• [Task description]
With any pictures left out, restate word for word the lines in the listing below from the one holding "#NirsaMarket #FireIncident #BreakingNews" through the last.

#### Source data ####

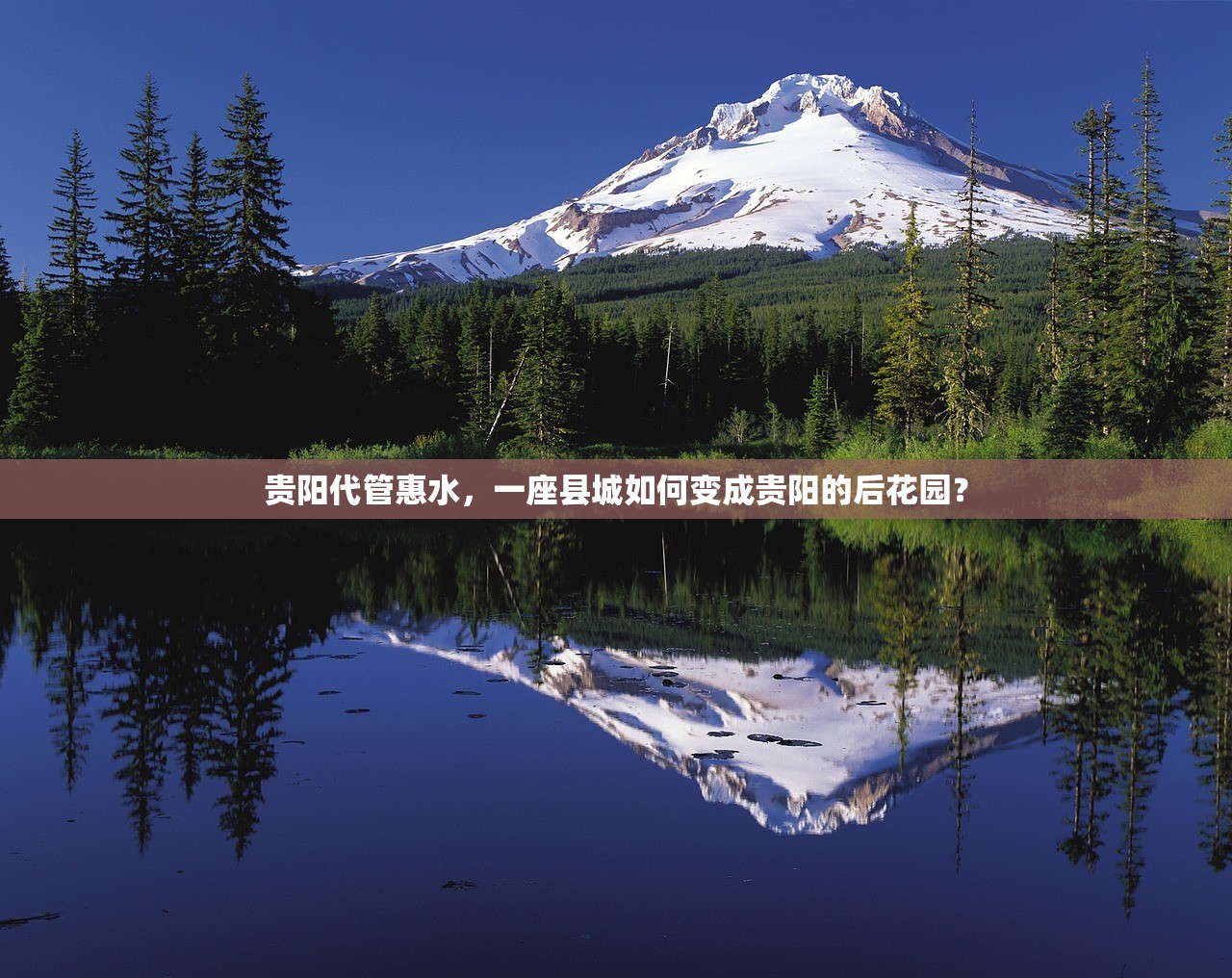 贵阳代管惠水，一座县城如何变成贵阳的后花园？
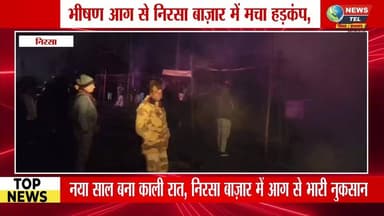 नया साल, नई तबाही! निरसा बाज़ार में भीषण आग से दो दर्जन फुटपाथ दुकानें राख
#NirsaMarket #FireIncident #BreakingNews #New...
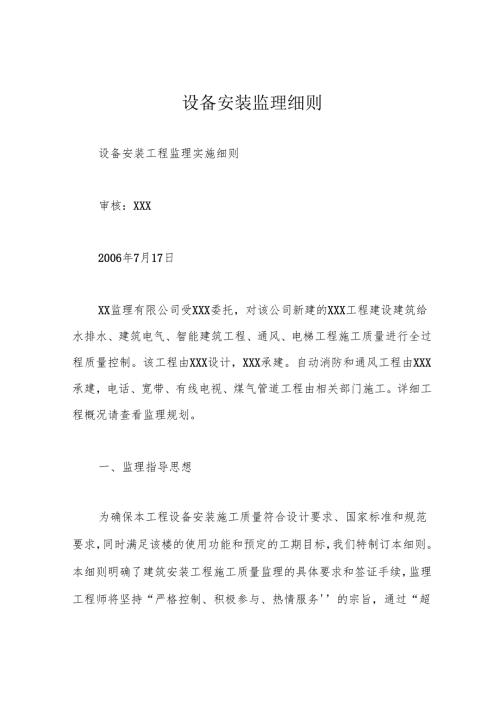 设备安装监理细则.docx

####

• [Task answer]
#NirsaMarket #FireIncident #BreakingNews #New...
 设备安装监理细则.docx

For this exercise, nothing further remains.